A simple change in the antiquated tax code would create an avalanche of universal choice in health care, instead of current proposals that produce universal dependence on government. Namely, the U.S. should eliminate the deductibility discrimination between employers and employees for health insurance premiums.

The ideal solution would be to replace the tax code with the Fair Tax, which essentially replaces the income tax with a consumption tax. But since few politicians with a bully pulpit have shown the moral or political courage to lead the sizeable Fair Tax movement, let's start with the second best approach, universal deductibility.

Universal deductibility of health insurance premiums by employers, employees, the unemployed, individuals and business owners would connect the consumer to health care costs. When people spend their own money, they spend it more wisely. Most people will purchase health plans they can afford, instead of expecting more benefits from their employer or the government.

The flagrant flaw in most of the ideas proposed by the presidential candidates is that they are variations of socialized health care.

Hillary Clinton, Barack Obama and John Edwards have all offered health care plans that eliminate individual choice and increase government mandates on employers, individuals and health care providers.

RomneyCare in Massachusetts is already experiencing a cost explosion. The only Republican to propose a market-based solution is Newt Gingrich, who has not yet declared his candidacy.

The proponents of socialized health care do not believe individuals and doctors possess the ability to make their own health care decisions. They would rather take advantage of what Steve Forbes recently described as "the abysmal ignorance of so many – including boatloads of business executives and entrepreneurs – about what it takes to bring rationality, productivity and lower prices to the U.S. health care market."

The greatest flaw of Health Savings Accounts (HSAs) and President's Bush's new proposal is that they are tied to the disastrously flawed tax code in the form of yet another tax deduction. These plans are improvements on the current discriminatory system, but they further complicate an already incomprehensible tax code.

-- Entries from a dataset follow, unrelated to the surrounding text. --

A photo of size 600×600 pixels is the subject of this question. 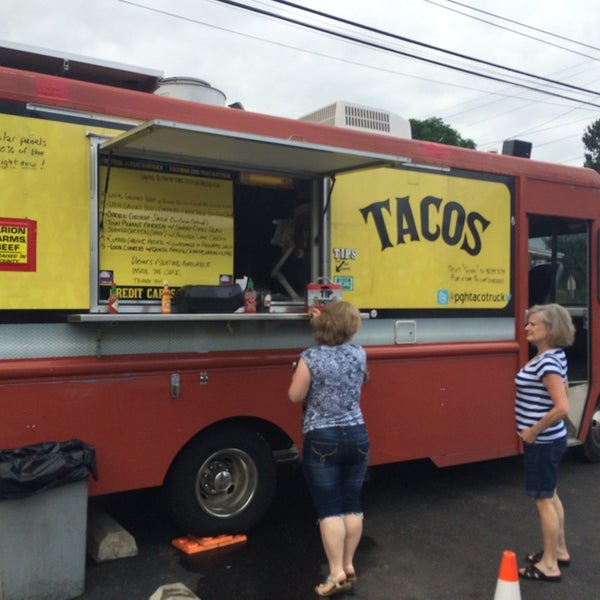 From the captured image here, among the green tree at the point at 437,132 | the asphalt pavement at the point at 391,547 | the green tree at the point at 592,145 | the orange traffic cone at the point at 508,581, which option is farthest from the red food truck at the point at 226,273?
the green tree at the point at 592,145

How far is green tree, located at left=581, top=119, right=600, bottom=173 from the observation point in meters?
45.6

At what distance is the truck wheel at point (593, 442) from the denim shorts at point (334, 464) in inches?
148

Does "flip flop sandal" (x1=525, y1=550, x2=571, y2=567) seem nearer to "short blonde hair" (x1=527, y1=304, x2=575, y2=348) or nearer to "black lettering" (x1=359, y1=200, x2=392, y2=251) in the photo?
"short blonde hair" (x1=527, y1=304, x2=575, y2=348)

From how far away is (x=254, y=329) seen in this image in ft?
15.4

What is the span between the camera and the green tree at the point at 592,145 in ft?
150

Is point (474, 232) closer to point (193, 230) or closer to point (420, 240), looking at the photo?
point (420, 240)

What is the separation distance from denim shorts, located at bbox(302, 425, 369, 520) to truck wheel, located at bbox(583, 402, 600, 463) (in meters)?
3.76

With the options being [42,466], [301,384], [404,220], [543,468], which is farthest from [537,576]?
[42,466]

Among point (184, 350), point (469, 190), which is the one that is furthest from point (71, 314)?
point (469, 190)

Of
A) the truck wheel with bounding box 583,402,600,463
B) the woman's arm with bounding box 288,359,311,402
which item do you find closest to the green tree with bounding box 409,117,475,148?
the truck wheel with bounding box 583,402,600,463

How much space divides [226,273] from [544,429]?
7.31ft

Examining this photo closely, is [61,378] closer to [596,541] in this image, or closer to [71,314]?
[71,314]

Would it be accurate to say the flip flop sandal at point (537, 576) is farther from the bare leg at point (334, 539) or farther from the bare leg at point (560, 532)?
the bare leg at point (334, 539)

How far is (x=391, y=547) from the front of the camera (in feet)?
15.2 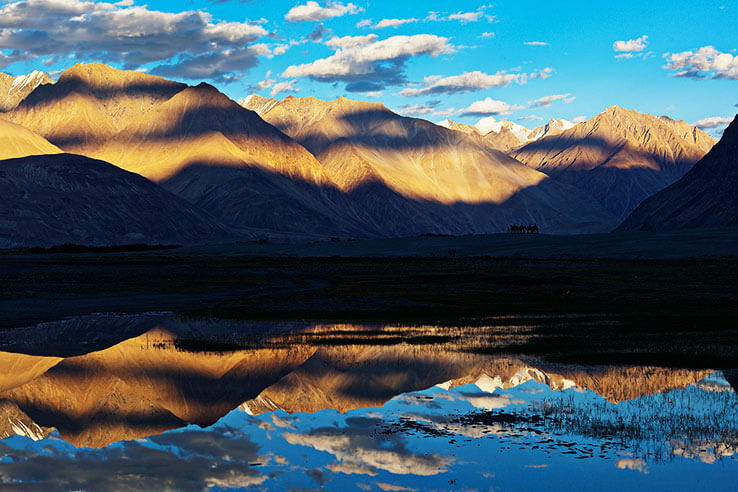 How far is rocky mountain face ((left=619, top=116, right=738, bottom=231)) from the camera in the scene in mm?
169750

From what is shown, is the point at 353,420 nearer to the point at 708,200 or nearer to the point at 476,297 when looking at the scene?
the point at 476,297

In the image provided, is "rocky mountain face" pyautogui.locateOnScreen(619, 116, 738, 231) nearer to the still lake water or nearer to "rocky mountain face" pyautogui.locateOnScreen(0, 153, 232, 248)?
"rocky mountain face" pyautogui.locateOnScreen(0, 153, 232, 248)

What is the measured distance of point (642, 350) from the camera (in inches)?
1155

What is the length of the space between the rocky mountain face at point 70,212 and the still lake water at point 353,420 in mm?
140910

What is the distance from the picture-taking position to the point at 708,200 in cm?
18050

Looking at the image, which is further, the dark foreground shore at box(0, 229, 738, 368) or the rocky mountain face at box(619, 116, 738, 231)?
the rocky mountain face at box(619, 116, 738, 231)

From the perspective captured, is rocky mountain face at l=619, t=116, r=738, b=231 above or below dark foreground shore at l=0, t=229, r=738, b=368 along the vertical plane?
above

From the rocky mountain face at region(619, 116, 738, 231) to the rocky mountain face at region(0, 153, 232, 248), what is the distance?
105m

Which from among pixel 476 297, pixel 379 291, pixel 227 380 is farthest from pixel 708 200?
pixel 227 380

The president's proposal, which allows deductibility of health insurance premiums, has a hidden "sneak-a-tax." Under the Bush plan, if your employer pays more than $15,000 for your annual health insurance premium, you pay tax on the excess coverage. Below that amount for a typical family, the plan provides only small, non-game-changing savings. Worse, the plan is not indexed to inflation. When inflation eventually catches up to the $15,000 deduction, families will suffer the same tax penalties posed by the Alternative Minimum Tax.

HSAs are another concept that was supposed to "move us in the right direction" of more affordability and accessibility of health insurance. HSAs have worked for many, but way too slowly as health care costs and insurance premiums have increased at annual double digit percentages. Continued...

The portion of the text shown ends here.